I definitely got the scene - I just didn't like it. Perhaps it would have hit harder if I was in the US, but I'm not so sure. Modern society is quite comparable in most places these days and everything you described pretty much goes on here too. I think others commented too at the time that it felt like Lynch chastising viewers to slow down and stop demanding answers. It felt very meta but not in a good way, in a very on-the-nose fashion.
I don't really mind the shootout at the diner (though I'm on the fence whether it felt a bit silly or not), or even the screaming lady herself, but then the puking kid and it just all ... ugh. It was just one of those moments for me where the original Twin Peaks felt very far in the rearview mirror indeed. Depressingly so - but not in the way they intended it to be depressing.
It didn't even feel like the town. I know that was part of the point (progress marches on, the issues got worse) but I felt like a lot of that stuff (the town being overrun with drugs and crime) while true to life felt very heavy-handed and just grotesque to me. Sure, the original series had the town rife with drugs and prostitution and murder, but somehow it was handled better and still kept a magical or mystical element to the town, which I think made the hard stuff hit harder. Here all of that was missing. Perhaps it would have been better had Coop just emerged from the red room into Glastonbury Grove and gone straight to TP after all. Perhaps have Andy (in place of Harry) still go out to that log periodically and sit there keeping watch. I feel like we got a brief glimpse of that kind of mystical wonder with Hawk seeing the red curtains in the woods and some of the Log Lady's scenes, but not nearly enough.
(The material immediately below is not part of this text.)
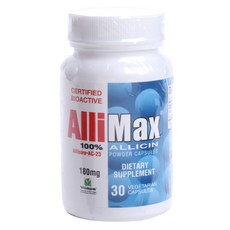 Allimax 大蒜素膠囊, 30顆, 1罐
The diner scene, though, just felt like ... I'm not even sure, borderline parody? I don't think the scene itself was slow, not really, I just included it as I felt it was referencing the overall slower pace of the series. You know, it's an okay scene but it's a bit silly to me. If you cut out the puking kid and the woman's over the top reaction to it, it sits better with me. But I still didn't like it. I mean, I don't hate it. I don't even think it's bad. It just didn't work for me for a lot of reasons.
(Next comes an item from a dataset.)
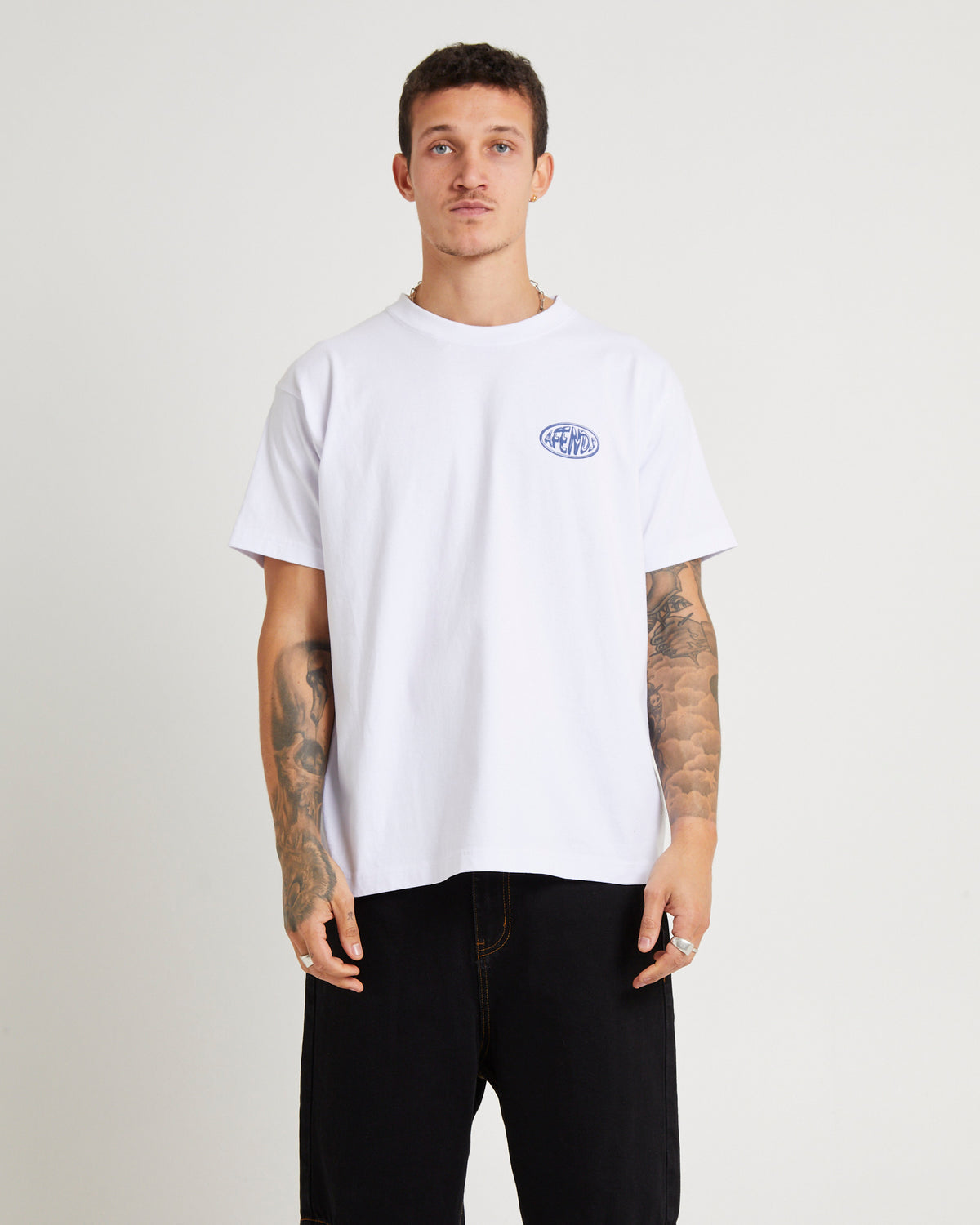 Frogga Heavy Boxy Fit T-Shirt WHITE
I was reading on the first page of the General S3 Discussion thread (
http://www.dugpa.com/forum/viewtopic.php?f=29&t=3635) I had listed all the things I liked and didn't like about the series back in 2017 and both lists are surprisingly of comparable lengths so I guess I really am 50/50 on the whole thing. Maybe if it had been cut in half I would have loved it more (but depends what ended up in the half we'd get lol!). I was thinking earlier, it's one of those things, I really have to extract the stuff I love from and just put up with the rest. I think The Return is very much love it/hate it or like some of it/dislike some of it more than most other things I've watched. The original had so much I just loved, I didn't have to wade through much stuff I didn't to pick out the bits I loved apart from in the middle stretch. So I suppose the middle stretch of Season 2 is very comparable to The Return for me (ironic given how much Lynch apparently hated S2 but also fitting in that I felt a lot of the humour in The Return was comparable to that middle stretch).
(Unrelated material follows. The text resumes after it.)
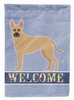 Shepherd Pit Mix #2 Welcome Flag Garden Size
I will say, though, the strong stuff in The Return is much much stronger than any of the good nuggets in S2's middle stretch. There are flashes of utter brilliance. I just think it would have been a much stronger revival had it cut the fluff. And, you know, while it's great that so many people love The Return and I'm completely on board with people who do (I wish I did more), it is interesting to me that, of all Lynch's works, EVEN "Inland Empire", it is really the only recent one with no known deleted scenes/footage. So I think, even if people like it's length, it should be worth noting that he definitely threw every bit of footage (for the most part) into it and imo it shows. I think he also expanded the script from what he and Frost originally handed in? That shows too - most of the roadhouse scenes for example. The comparisons to IE and its deleted footage, BV and its deleted footage, and especially TP and The Missing Pieces is very strong to me - but in this case, it feels like they were combined and then some.